Coming back to the topic of Talend of this post, it’s related to this particular previous experience because they both are the same type of development mode that works on interactive GUI to design and orchestrate workflows. And perhaps not surprisingly, they are generating JAVA code at the back.

So here is what I have experienced with Talend Open Studio.

The Good
  1. It’s essentially JAVA! The outcome of code generated is essentially java. Having said that, this means if there is a syntax error, or there is a misunderstanding of how code works, we can always look into the code part side right-side of “Designer” panel of canvas and find out the exact reason.
  2. The orchestration flow is clear and easy to read from start given a canvas based design flow illustration, which might be much clean and easy to read than the code. (Opinionated!)
  3. Many featured components to work on instead of implementing them from scratch, e.g. FTP connection, File read and listing and writing, AWS S3 interaction, and data flow processor such as tMap, tNormalize, tUnite, tJavaFlex, tJavaRow.
The Bad
  1. It’s essentially JAVA! The runtime Env is slow due to JVM and requires extra compilation beforehand. Digging through java runtime error is not fun. Code generated is more and more complex when putting more components into the canvas which eventually takes up all the resources.
  2. The context is double edged sword. It provides a clean and neat way of managing passing variables between jobs. But when lack of proper managing context in a much re-usable and clean way (similar to the concept of “eliminating global variables” in writing other codes), the number of them and maintenance overhead could easy be blown up.

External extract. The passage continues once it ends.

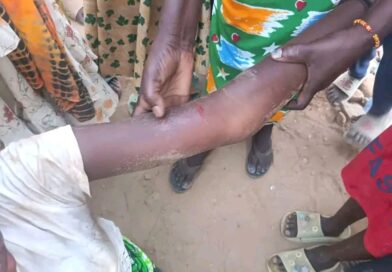 Tchad : Effondrement d&rsquo;une maison à Boutalbagara : cinq blessés dont une jeune fille grièvement atteinte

  3. Some learning curve is expected when dealing with components like tJavaFlex. It may not work as originally expected when first come to use. And documentation about these components are just terrible all over the internet.
Learnings
  1. Get faster machines with bigger RAM
  2. Managing context with proper plan beforehand
  3. A good way of learning Talend is always trying to use it. It may take some time at the start, but it will always pay back at a later stage. Especially when one particular component is not familiar, put in tons of “System.out.println” will definitely help in understanding the priorities and flow.
  4. Putting in a lot of tWarn as placeholder and logging messages helps understand the application as well as helps program stand in a better position of self-organizing.
  5. Use tRunJob wisely since each job is representing a standalone process. Having said that, this means each job can be run independently and get valid result based on the ENV and inputs.
  6. Distinguish the concept of flow and row. Flow mainly focus on process orchestration while row represents the data stream. Having said that, there are many cases when we need to convert row data into different flow and vice versa. Think wisely. A lot of options here.
  7. Linkage between components such as “main”, “iterate” will pass the data row along the flow.
  8. Linkage between components such as “onSubJobOK”, “onSubJobError”, “onComponentOk”, “run If” will do the trigger once the current component and condition are met.
  9. Passing values between child job to parent job. Context and bufferOutput are commonly used. Be cautious about global variables.
  10. “CHILD_RETURN_CODE” is useful tool to reflex tRunJob running status.
  11. Useful tip as + to trigger lookup for all global variables available at given point.
  12. All exceptions should be handled properly, otherwise, it will be escalated to the top till the process get killed. Same rule as Java.